Twitch est-il en train d’ouvrir une nouvelle voie pour faire du live streaming l’avenir de l’industrie musicale ? À l’heure où les concerts et festivals sont impossibles, ce genre de diffusion en ligne aide incontestablement les artistes à survivre. Il n’est pas dénué de problèmes pour autant. Les investissements de départ pour les diffuseurs ne sont pas négligeables : les abonnés attendent une image et un son de haute qualité, plusieurs angles de vue et un éclairage professionnel, ce qui nécessite du matériel et du savoir-faire. Il n’est pas toujours facile de repérer des artistes, notamment quand ils sont peu connus, et si les diffuseurs peuvent sentir une certaine proximité avec les gens qui les regardent, Twitch ne leur dit en revanche pas grand-chose sur qui sont ces gens, souligne Allen.

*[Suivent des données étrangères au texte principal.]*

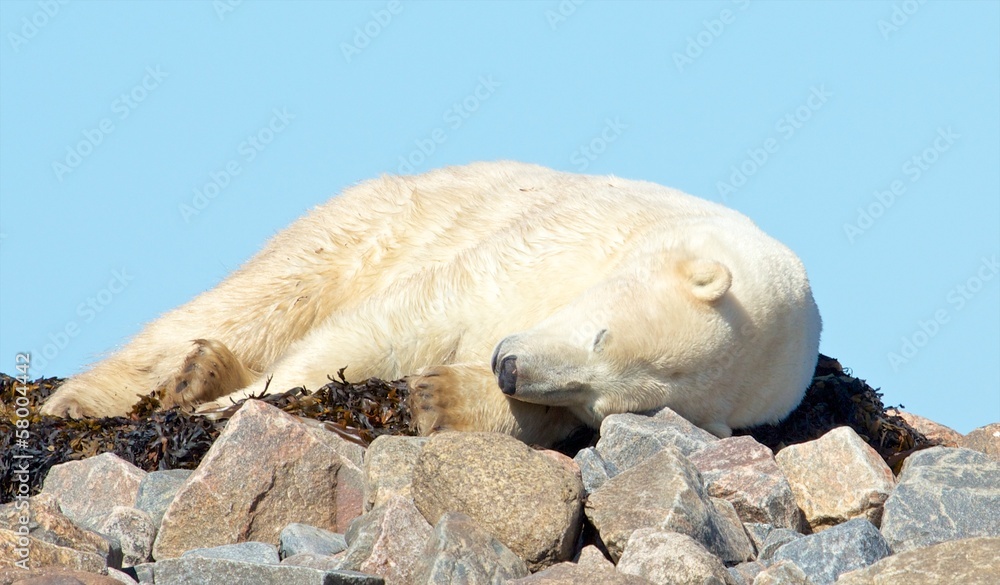 Sleeping Polar Bear Sleeping Polar Bear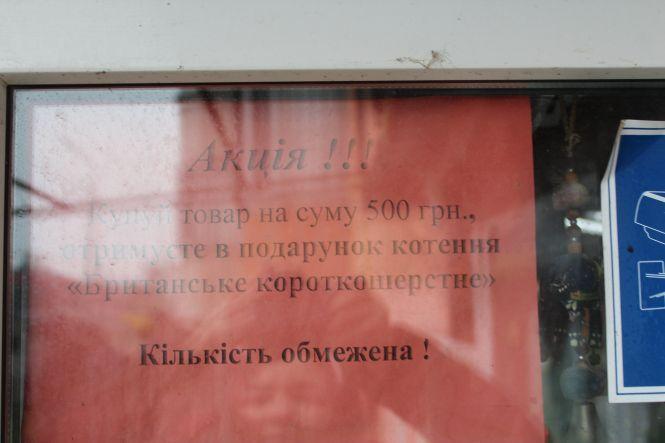 Новини Вінниці - фото з «Цуценя в акваріумі». Як вінничани відстоюють долю собак «Цуценя в акваріумі». Як вінничани відстоюють долю собак, фото №7 на сайті 20minut.ua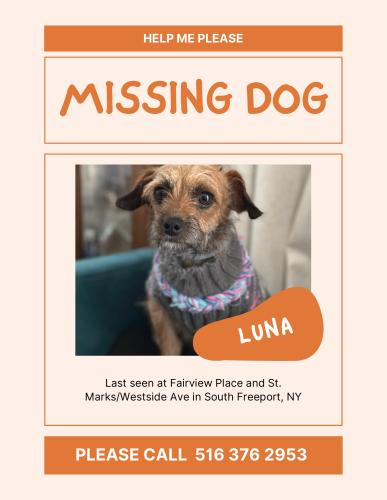Lost Female Dog last seen Fairview Pl & St. Marks Ave, Freeport, NY 11520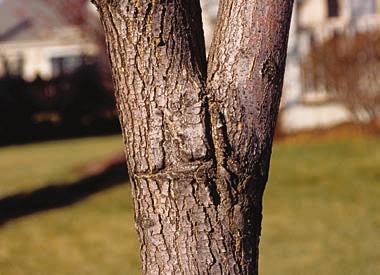 The trunk s bark should be firm, with no indication of disease, insect galls, wood borers, dieback, frost cracks, sun scald, or mechanical injury. Branch structure.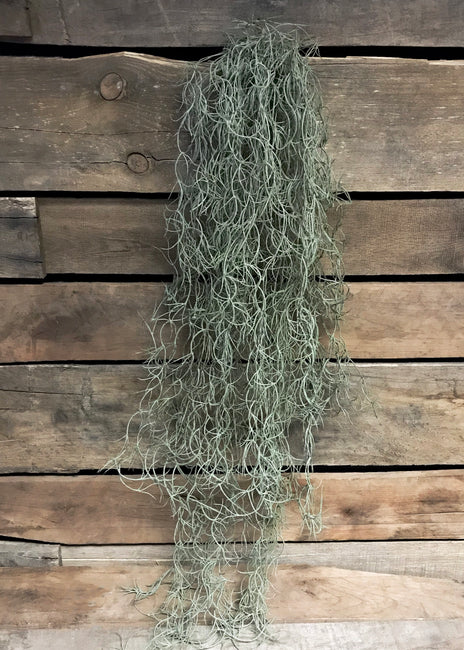 32" ARTIFICIAL SPANISH MOSS HANGING BUSH - GREEN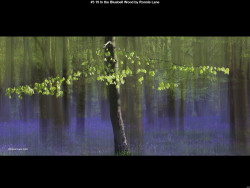 IMG004 (1) (1) (1) (1) (1) (1) (1) (1) (1) (1) (1) (1) (1) (1) (1) (1) (1) (1) (1) (1) (1) (1) (1) (1) (1) (1) (1) (1) (1) (1) (1) (1) (1) (1) (1) (1) (1) (1) (1) (1)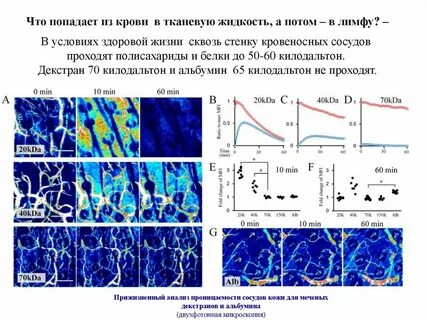 Проницаемость кровеносных сосудов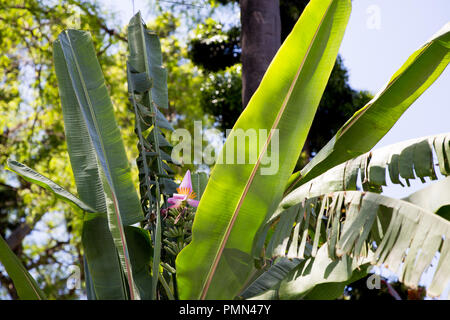 Detail of a banana tree with a bright pink flower and baby bananas growing. Taken in the municipal gardens in Funchal, Madeira Stock Photo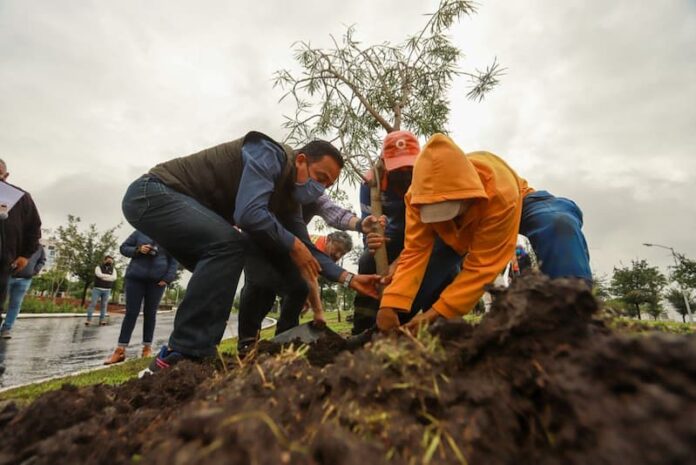 Conmemora el Municipio de Querétaro el Día Nacional del Árbol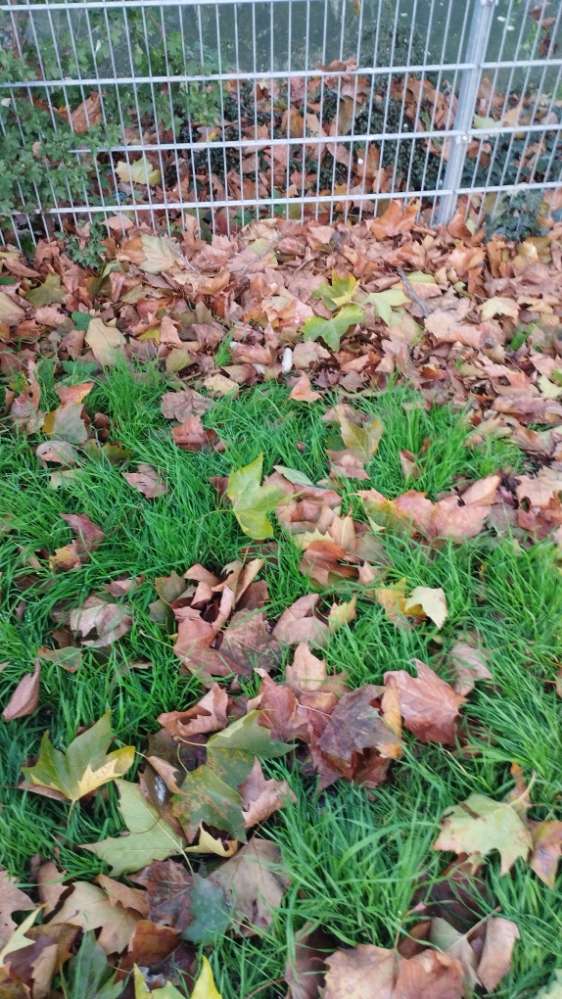 Giftköder-Gefrorene Weißwürste-Profilbild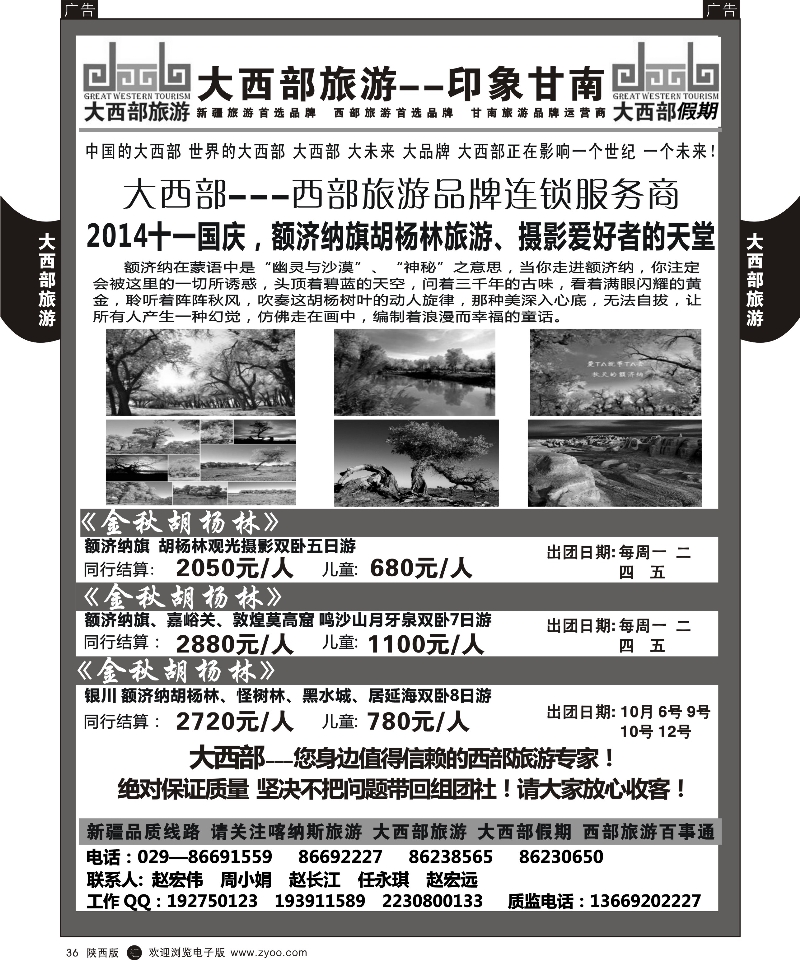 r黑036  大西部旅游-胡杨林
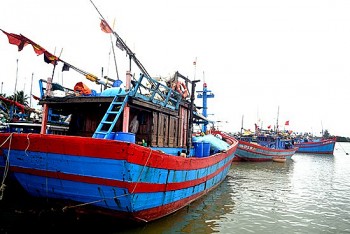 quang nam ben tre kiem soat iuu vi mot nghe ca ben vung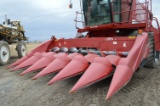 CIH 2206 6 row corn head, poly snouts, hyd deck plates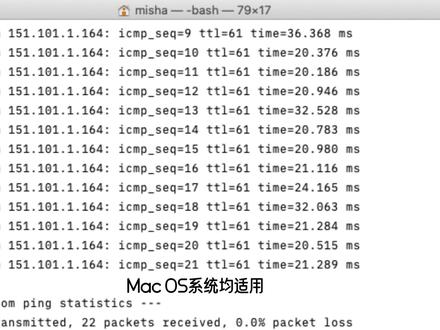 一个简单的命令测试网络质量 #黑客 #网络安全 #电脑技巧 #网络技巧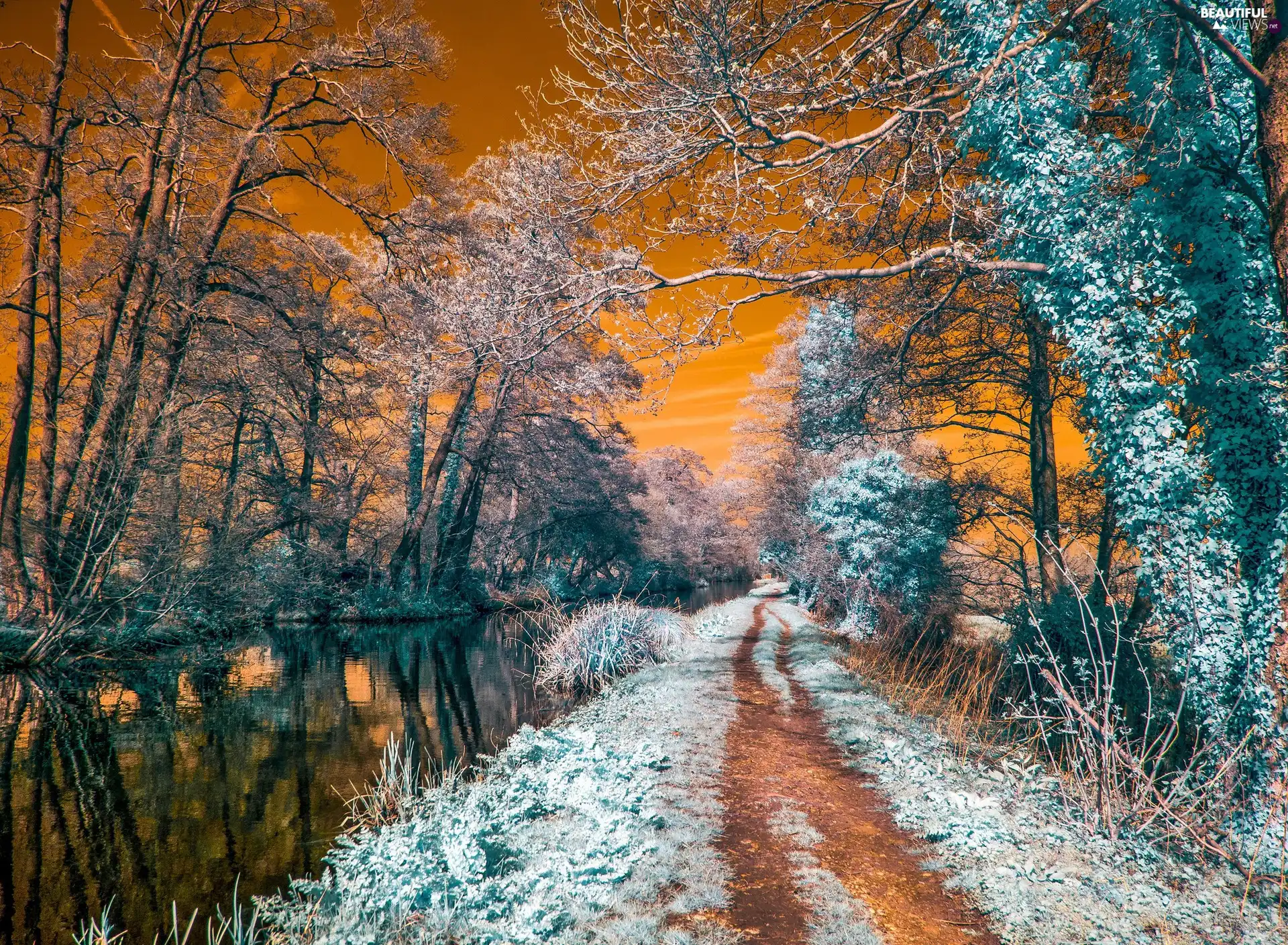Path, trees, sun, viewes, River, west, winter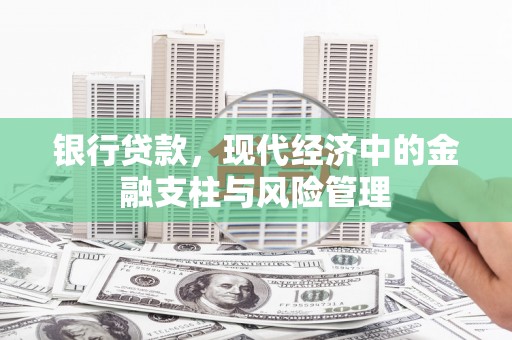 凤山银行贷款，现代经济中的金融支柱与风险管理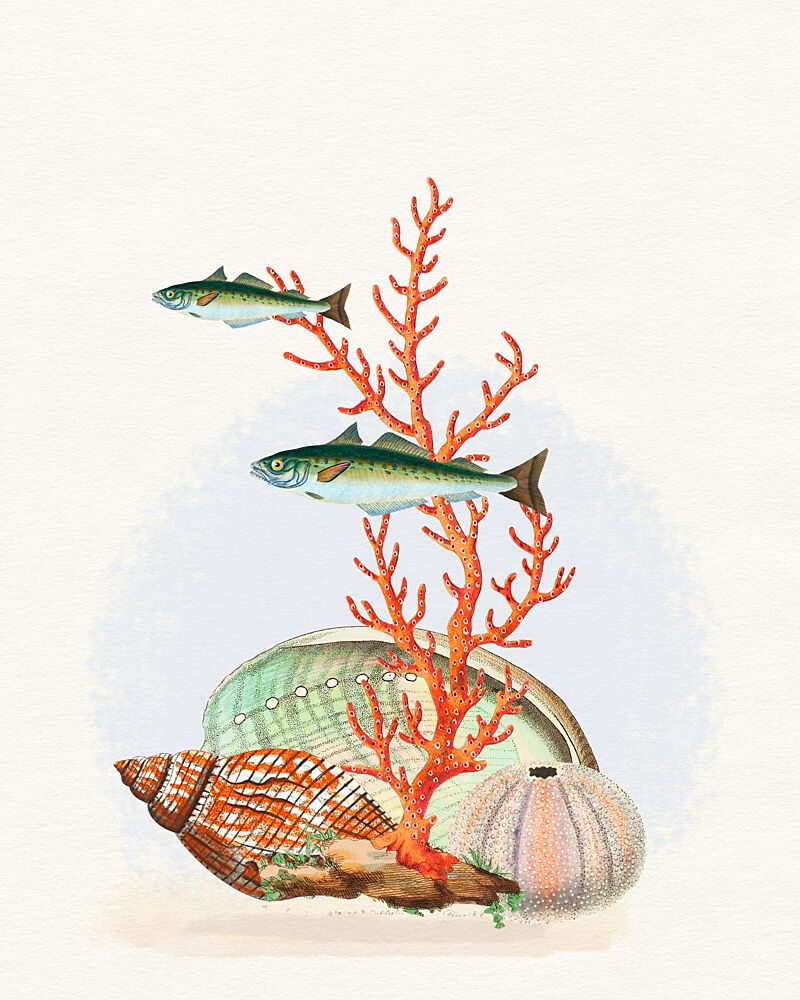 Marine Life Collection art print by Wild Violets for $57.95 CAD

Twitch apporte néanmoins quelque chose de nouveau, estime Kempner. “Ce n’est pas un ersatz de spectacle, c’est quelque chose de complètement différent. Cela me permet de me produire en direct pour des gens du monde entier qui, sinon, n’auraient pas l’occasion de me voir sur scène. Depuis cinq mois, c’est aussi une source de revenus réguliers.” Twitch n’est peut-être qu’un à-côté bienvenu pour certains artistes, pour d’autres, ce n’est pas qu’une solution temporaire : c’est l’avenir.